Depot Scan Workflow YAML
You can apply database, schema, and table filter patterns while scanning metadata.
version: v1
name: mariadb-scanner2
type: workflow
tags:
- mariadb-scanner2.0
description: The job scans schema tables and register metadata
workflow:
dag:
- name: scanner2-mariadb
description: The job scans schema from mariadb depot tables and register metadata to metis2
spec:
stack: scanner:2.0
compute: runnable-default
runAsUser: metis
stackSpec:
depot: mariadb01
# sourceConfig:
# config:
# schemaFilterPattern:
# includes:
# - mariadb
#
Non-Depot Scan Workflow¶
You need to provide source connection details and configuration settings, such as metadata type and filter patterns, to include/exclude assets for metadata scanning.
Scanner Configuration Properties¶
- Type: This is the source to be scanned;
mariadb
- Source: Provide source name where the scanned metadata is saved within Metastore. Under the given source name, you can see the information about all the entities scanned for your data source;
MariaDBSource
Source Connection Properties¶
- Type: Specify source type;
MariaDB
- Username: Specify the User to connect to MariaDB. It should have enough privileges to read all the metadata.

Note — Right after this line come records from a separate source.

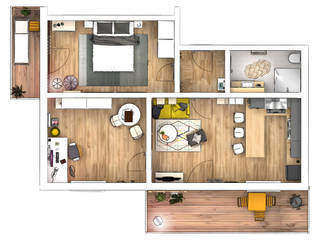 3-Zimmer Wohnung, Der Schlüssel zum Glück - Interior Design Der Schlüssel zum Glück - Interior Design Modern Living Room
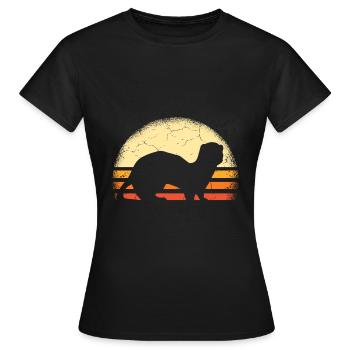 Frettchen Marder - Frauen T-Shirt - Schwarz - Vorne - AI Model Female 172 dark (172cm)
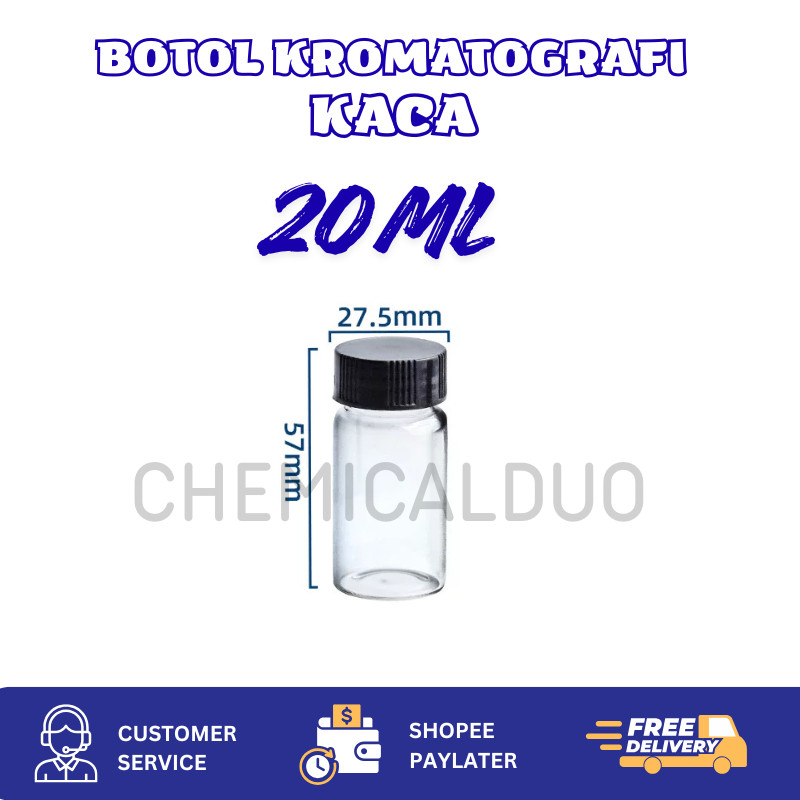 Jual Botol Sampel Kromatografi Kaca Bening 20ml Vial Kaca Lab Kimia ...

- Password: Password to connect to MariaDB.
- Host and Port: Enter the fully qualified hostname and port number for your MariaDB deployment in the Host and Port field.
- databaseSchema: databaseSchema of the data source. This is optional parameter, if you would like to restrict the metadata reading to a single databaseSchema.
- Connection Options (Optional): Enter the details for any additional connection options that can be sent to MariaDB during the connection. These details must be added as Key-Value pairs.
- Connection Arguments (Optional): Enter the details for any additional connection arguments such as security or protocol configs that can be sent to MariaDB during the connection. These details must be added as Key-Value pairs.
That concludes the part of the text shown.